A multicentre, randomized, double-blind, placebo-controlled trial of naltrexone in the treatment of alcohol dependence or abuse
Chick J et al. Alcohol and Alcoholism (November 2000)
Bottom Line: This multicentre controlled study evaluated the efficacy and safety of naltrexone as adjunctive treatment for alcohol dependence or abuse. 175 patients were randomly assigned to receive either naltrexone 50 mg daily or placebo for 12 weeks as an adjunct to psychosocial treatment. The primary outcome was time to first episode of heavy drinking, with secondary outcomes including time to first drink, alcohol consumption, craving, and changes in serum biological markers including GGT, AST, and ALT. Compliance was assessed by tablet counts with > 80% tablet consumption, urinary concentrations of 6-β-naltrexol in the treatment group, and attendance at all follow up appointments. Patients allocated to naltrexone who met the definition of compliance reported consuming half the amount of alcohol (P < 0.05), had greater median reduction in serum GGT activity (P < 0.05), and greater reduction in alcohol cravings (OCDS total score: P < 0.05; Obsessive subscale score: P < 0.05) compared to patients in the placebo group. No safety concerns were reported. In conclusion, naltrexone is an effective treatment for alcohol dependence/abuse in conjunction with psychosocial therapy, in patients who comply with treatment.

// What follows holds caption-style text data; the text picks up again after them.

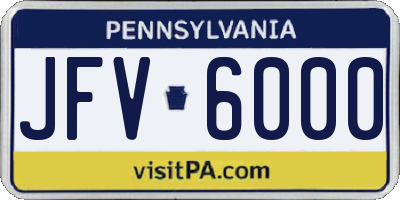 PA license plate JFV6000
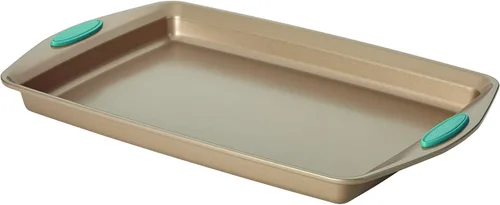 Miniatura 4 de Rachael Ray Cucina - Juego de utensilios para hornear incluye bandeja antiadherente para hornear galletas y molde para magdalenas, 4 piezas, marrón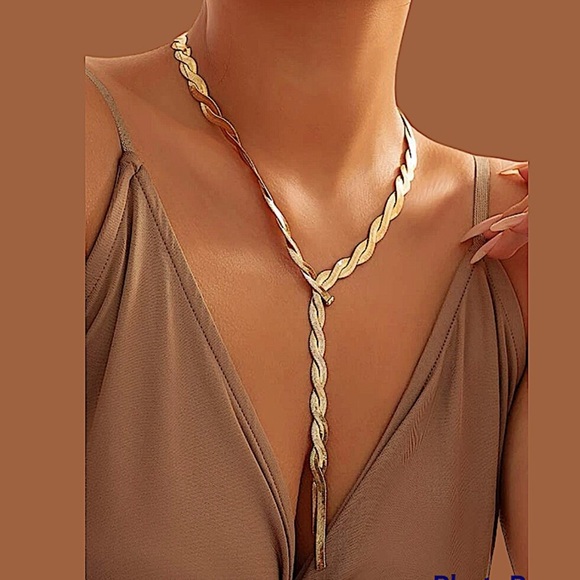 Y Lariat Gold Plated Twisted Herringbone Adjustable Resizable Necklace - Picture 2 of 6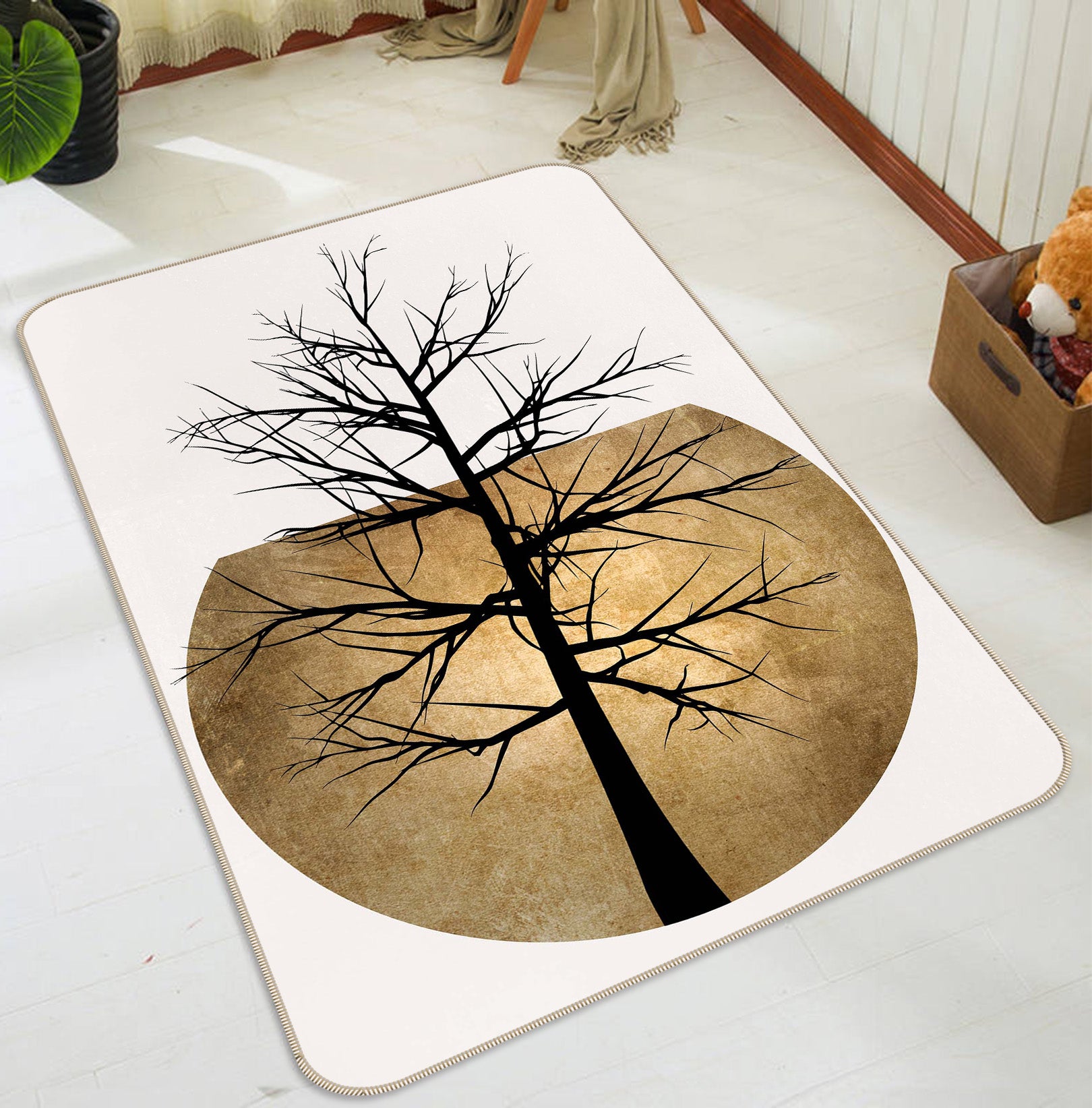 3D Moon Dead Tree 1055 Boris Draschoff Rug Non Slip Rug Mat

What’s the rationale for targeting hematocrit <45% in patients with polycythemia vera?
Cardiovascular Events and Intensity of Treatment in Polycythemia Vera (CYTO-PV)

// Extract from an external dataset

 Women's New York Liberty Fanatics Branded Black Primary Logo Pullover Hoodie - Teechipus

Marchioli R et al. NEJM (January 2013)
Bottom Line: This randomized clinical trial compared the effectiveness of maintaining a hematocrit of less than 45% versus 45 to 50% in patients with JAK2-positive polycythemia vera (PV). A total of 365 adults with PV being treated with phlebotomy, hydroxyurea, or both were randomly assigned to either the more intensive treatment group (target hematocrit, <45%) or the less intensive treatment group (target hematocrit, 45 to 50%). The primary outcome, time until death from cardiovascular causes or major thrombotic events, was significantly lower in the low-hematocrit group (2.7%) compared to the high-hematocrit group (9.8%) after a median follow up of 31 months (hazard ratio in the high-hematocrit group, 3.91; 95% confidence interval [CI], 1.45 to 10.53; P=0.007). There was also a lower incidence of superficial-vein thrombosis in the low-hematocrit group (4.4% versus 10.9% in the high hematocrit group; hazard ratio, 2.69; 95% CI, 1.19 to 6.12; P=0.02). Adverse events were similar between the two groups. In conclusion, patients with a hematocrit target of less than 45% had significantly lower rates of cardiovascular death and major thrombosis in patients with PV.